Tout comme en Irlande, c’est un exemple frappant de l’exploitation des plus faibles par la Troïka et le gouvernement. Auparavant, les personnes souffrant de troubles psychiatriques étaient réparties dans 3 ou 4 grands asiles dans des conditions difficiles. Ensuite, l’Europe a débloqué des fonds pour permettre le transfert des patients vers des institutions plus petites et mieux adaptées. Cependant, les travailleurs se plaignent qu’en 2005-2006, quand les fonds ont disparu, le Gouvernement n’a accordé aucune importance à ce secteur pourtant vital.
Depuis, le financement de ces services connaît de graves problèmes. Ceux-ci ont énormément souffert de la crise, et sont désormais menacés de fermeture. Ces institutions sont gérées par des ASBL financées par l’Etat. Suite aux dernières mesures d’austérité, leur budget a été réduit de 55%. Bien entendu, cela revient à dire qu’il est impossible de continuer à faire vivre ces services. Il n’y a plus d’argent pour payer les travailleurs ou nourrir les patients. En conséquence, pour la majorité des asiles, ce sera un retour à la sombre époque de l’institutionnalisation.
En ce qui concerne les enfants aux besoins particuliers, la situation n’est pas plus réjouissante. Les fonds pour les écoles sont passés de 25 millions d’euros 2009 à 11 millions en 2012. Une fois de plus, cela signifie qu’il sera impossible de maintenir ces écoles ouvertes. Selon les travailleurs, cela entraînera un retour à la sombre époque où, il n’y a pas si longtemps, les enfants aux besoins particuliers restaient enfermés chez eux, coupés du reste du monde.

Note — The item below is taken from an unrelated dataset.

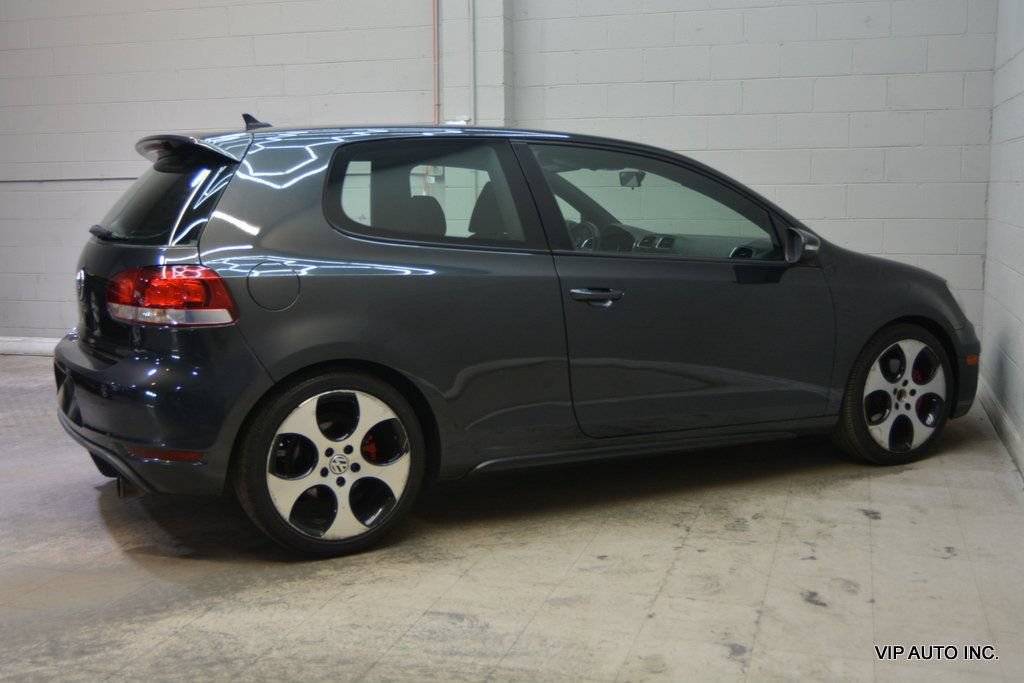 Used 2011 Volkswagen GTI 2-Door FWD image 10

Un point commun entre ces travailleurs et une majorité de ceux du secteur public, c’est de ne pas recevoir leur salaire depuis des mois. Tous ceux à qui j’ai parlé ont vécu jusqu’à six mois sans être payés, et m’ont confié en connaître certains qui n’ont pas été payés pendant une année entière. Leurs salaires étaient aussi très bas, autour de 1000 euros par mois. C’en est fini des travailleurs publics grecs autrefois bien rémunérés!

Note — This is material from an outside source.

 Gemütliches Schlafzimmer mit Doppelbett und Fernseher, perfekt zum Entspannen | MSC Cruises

Cela fait deux semaines que ces travailleurs occupent le Ministère, qui est devenu le centre luttes du secteur de la santé. Demain auront lieu une grève des médecins de 48 heures avec une manifestation devant le Ministère, ainsi qu’une assemblée générale au sein du Ministère pour décider de l’avenir de la lutte. Il est clair que cette lutte, les années d’austérité, et les mouvements qui s’y sont opposé ont eu un puissant impact sur leur conscience politique. Aucun d’eux ne considère leur lutte comme un cas isolé ayant pour but d’assurer leurs intérêts personnels, tous ont fait le lien entre leur lutte et celle contre la Troïka et l’austérité en général. La question d’un nouveau système économique et d’une alternative politique était au cœur des discussions.
Il règne un profond sentiment de dégoût envers la tête des syndicats, qui n’ont rien fait pour canaliser la colère et l’envie de lutter du peuple grec. Les partis de gauche provoquent aussi une grande frustration du fait qu’ils ne proposent aucune alternative aux décisions de la Troïka.

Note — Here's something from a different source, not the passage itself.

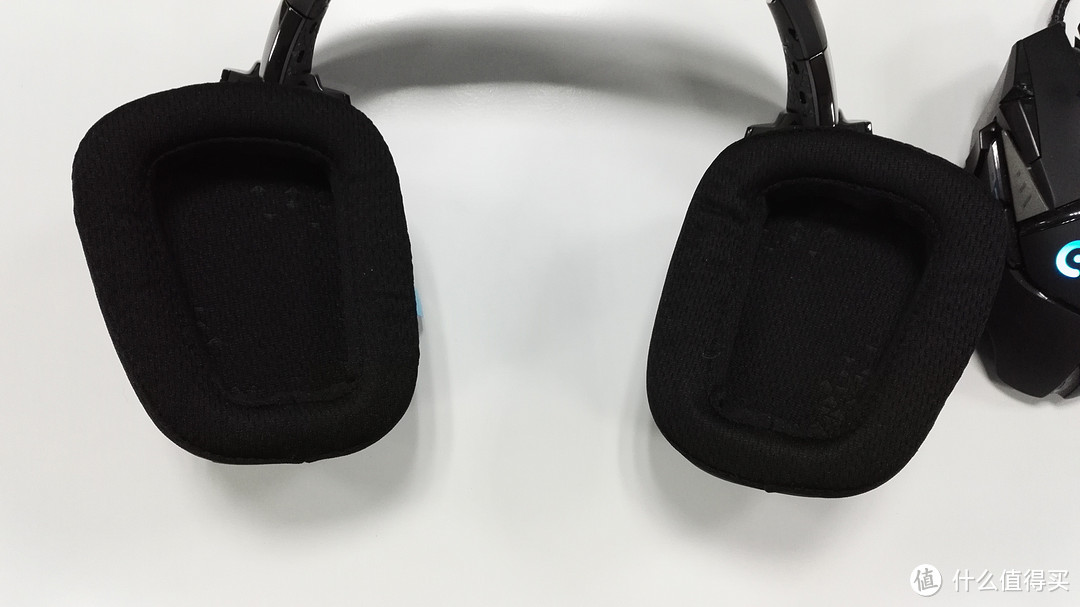 流行与科技同在之新光污染--Logitech G633 炫彩RGB游戏通话双用耳机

Un des travailleurs a fait remarquer qu’après deux semaines d’occupation du Ministère, le premier député à venir les voir provient d’Irlande ! Après deux semaines d’occupation, une fatigue compréhensible se fait sentir chez les dirigeants des militants, tout comme chez une grande partie des militants du mouvement grec, après des années de dures batailles. Mais à côté de ça, il y a aussi la conscience que leur lutte est vitale pour contrer ce qu’ils considèrent comme une catastrophe humanitaire en Grèce, mais également pour tous les travailleurs en Europe, qui font eux aussi face à la sauvagerie de la Troïka.